Found this engine at an Acme (Wise) scrap yard in Roswell, New Mexico. Thought some of you would know the application or what company it was made for. What do you think? https://youtube.com/shorts/u_X93gtz0fI?si=FV_SZy9OKzz-ZbjQ
CWC will probably be the foundry that cast the block rather than engine manufacturer I think it’s a Continental https://en.m.wikipedia.org/wiki/Continental_Motors_Company
Museums with newspaper articles, fragments of rocks and metal. Supposedly the crash site was moved several years ago. Tourism?
A spaceship powered by a flathead 6? I think we have discovered what Captain Kirk's Warpdrive really was!
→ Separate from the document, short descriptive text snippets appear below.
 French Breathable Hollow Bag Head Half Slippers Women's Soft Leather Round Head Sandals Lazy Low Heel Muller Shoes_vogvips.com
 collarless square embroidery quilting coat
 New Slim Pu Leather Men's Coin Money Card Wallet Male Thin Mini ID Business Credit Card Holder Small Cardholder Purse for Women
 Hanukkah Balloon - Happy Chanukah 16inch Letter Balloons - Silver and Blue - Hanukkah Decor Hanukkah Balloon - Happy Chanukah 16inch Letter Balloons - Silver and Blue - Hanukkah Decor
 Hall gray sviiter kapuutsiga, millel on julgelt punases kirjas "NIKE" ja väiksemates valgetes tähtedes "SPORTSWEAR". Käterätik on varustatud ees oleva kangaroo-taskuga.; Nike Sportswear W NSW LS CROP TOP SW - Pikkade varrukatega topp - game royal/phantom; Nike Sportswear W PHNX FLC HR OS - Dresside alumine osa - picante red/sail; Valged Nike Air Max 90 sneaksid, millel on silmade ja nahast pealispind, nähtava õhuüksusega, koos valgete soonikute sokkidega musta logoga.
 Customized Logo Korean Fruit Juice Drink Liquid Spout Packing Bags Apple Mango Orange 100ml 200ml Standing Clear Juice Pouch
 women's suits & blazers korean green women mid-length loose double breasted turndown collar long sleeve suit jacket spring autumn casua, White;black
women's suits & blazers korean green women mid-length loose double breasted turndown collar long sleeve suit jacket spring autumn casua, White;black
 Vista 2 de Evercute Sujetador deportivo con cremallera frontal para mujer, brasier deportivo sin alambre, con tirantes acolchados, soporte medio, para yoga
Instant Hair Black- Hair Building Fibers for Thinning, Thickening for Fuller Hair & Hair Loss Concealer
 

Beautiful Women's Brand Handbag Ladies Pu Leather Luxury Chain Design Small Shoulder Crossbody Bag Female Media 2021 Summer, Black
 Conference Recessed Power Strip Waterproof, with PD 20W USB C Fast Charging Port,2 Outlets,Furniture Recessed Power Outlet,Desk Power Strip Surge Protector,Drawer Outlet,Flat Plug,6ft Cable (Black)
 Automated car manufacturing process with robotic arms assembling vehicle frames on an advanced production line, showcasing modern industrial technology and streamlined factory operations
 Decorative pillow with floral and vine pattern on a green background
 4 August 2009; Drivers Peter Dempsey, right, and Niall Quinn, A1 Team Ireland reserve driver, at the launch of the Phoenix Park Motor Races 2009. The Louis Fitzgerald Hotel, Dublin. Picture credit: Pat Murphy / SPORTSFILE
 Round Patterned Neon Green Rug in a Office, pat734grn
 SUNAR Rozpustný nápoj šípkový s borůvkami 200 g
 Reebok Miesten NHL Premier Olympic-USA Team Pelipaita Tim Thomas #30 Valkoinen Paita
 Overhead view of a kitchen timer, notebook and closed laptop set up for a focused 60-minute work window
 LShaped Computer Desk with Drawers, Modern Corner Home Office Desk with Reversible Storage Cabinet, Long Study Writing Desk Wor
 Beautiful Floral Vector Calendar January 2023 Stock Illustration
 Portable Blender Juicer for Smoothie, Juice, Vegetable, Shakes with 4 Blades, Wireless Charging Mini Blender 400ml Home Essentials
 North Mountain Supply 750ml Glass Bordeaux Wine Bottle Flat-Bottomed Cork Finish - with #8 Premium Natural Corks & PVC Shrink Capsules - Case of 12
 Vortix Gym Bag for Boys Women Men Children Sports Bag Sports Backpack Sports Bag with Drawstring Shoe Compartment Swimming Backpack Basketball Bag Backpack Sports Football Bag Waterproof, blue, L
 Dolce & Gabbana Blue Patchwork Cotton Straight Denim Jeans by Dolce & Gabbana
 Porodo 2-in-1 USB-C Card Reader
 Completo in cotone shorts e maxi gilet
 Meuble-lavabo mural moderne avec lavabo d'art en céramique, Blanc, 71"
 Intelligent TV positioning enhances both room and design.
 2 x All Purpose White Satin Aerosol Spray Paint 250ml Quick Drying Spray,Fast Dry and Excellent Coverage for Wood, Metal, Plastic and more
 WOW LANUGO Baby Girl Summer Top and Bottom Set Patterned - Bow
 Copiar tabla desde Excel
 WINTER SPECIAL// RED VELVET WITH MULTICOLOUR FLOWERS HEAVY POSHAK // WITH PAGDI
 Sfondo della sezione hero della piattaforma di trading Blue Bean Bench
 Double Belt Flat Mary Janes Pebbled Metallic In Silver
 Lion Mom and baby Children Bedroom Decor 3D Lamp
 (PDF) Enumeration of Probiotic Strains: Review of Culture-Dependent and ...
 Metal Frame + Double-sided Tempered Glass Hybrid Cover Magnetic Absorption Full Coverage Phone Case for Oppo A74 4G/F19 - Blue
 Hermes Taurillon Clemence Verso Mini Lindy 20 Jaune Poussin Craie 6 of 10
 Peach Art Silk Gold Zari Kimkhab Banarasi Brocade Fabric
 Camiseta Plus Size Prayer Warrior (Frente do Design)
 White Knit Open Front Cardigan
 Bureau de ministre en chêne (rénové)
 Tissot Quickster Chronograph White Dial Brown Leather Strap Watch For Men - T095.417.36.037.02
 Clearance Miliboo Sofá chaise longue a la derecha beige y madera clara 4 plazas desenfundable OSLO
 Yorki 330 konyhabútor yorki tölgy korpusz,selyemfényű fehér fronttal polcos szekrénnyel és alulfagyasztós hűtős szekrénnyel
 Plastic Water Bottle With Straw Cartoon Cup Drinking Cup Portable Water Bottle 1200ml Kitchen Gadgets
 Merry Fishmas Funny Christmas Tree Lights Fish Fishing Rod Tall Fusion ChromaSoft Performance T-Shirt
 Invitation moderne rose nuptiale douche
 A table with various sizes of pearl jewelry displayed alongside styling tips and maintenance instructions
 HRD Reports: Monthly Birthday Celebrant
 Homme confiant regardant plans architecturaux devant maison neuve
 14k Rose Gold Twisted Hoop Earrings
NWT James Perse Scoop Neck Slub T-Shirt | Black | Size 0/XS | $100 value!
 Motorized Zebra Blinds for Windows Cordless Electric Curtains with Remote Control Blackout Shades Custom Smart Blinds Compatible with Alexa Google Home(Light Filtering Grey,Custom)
neat, I can't find anything like it. The top mounted distributor was used on several flathead six engines, but none of them have it mounted outboard of the valves like this one. The timing cover extending out to the generator is similar to a Model T, and other early engines, so it might be pretty old.
This is a 1930 Dodge six that I think were made by Continental, the architecture is very similar but not exactly the same that’s why I thought it was a Continental engine
CWC Textron is a foundry in Muskegon Michigan. Before the Textron days it was Campbell Wyant Cannon. My family is from Muskegon, CWC was casting engine blocks back when my 90 year old dad was a kid.
Coincidentally, the original Continental motors factory was also in Muskegon, before moving to Detroit.
Yeah, but from the same manufacturer. I was looking into continentals earlier, a guy on the AACA forum said he had been making a list of different Cont engines based on applications for parts he found in parts catalogs, and his list was like 20 pages long. Of engine models. Crazy.
I guess it’s like Cummins or Detroit Diesel or Rolls Royce or Volvo, there’s so many vehicles that use their engines that you don’t even realise they’re out there.
Does the 9-20-28 look like a date code? I've seen some that turned out to be casting numbers or shift codes. The link on Contenntal engines looked right but the variations didn't exactly match this one. Just a thought, Duesenberg's were made in 1928 but I thought the carburetor would be different or maybe multiple.
Where did you get Duesenberg? They never made a six or a flathead. If the '28' is a date code, at that point their engines were made by Lycoming.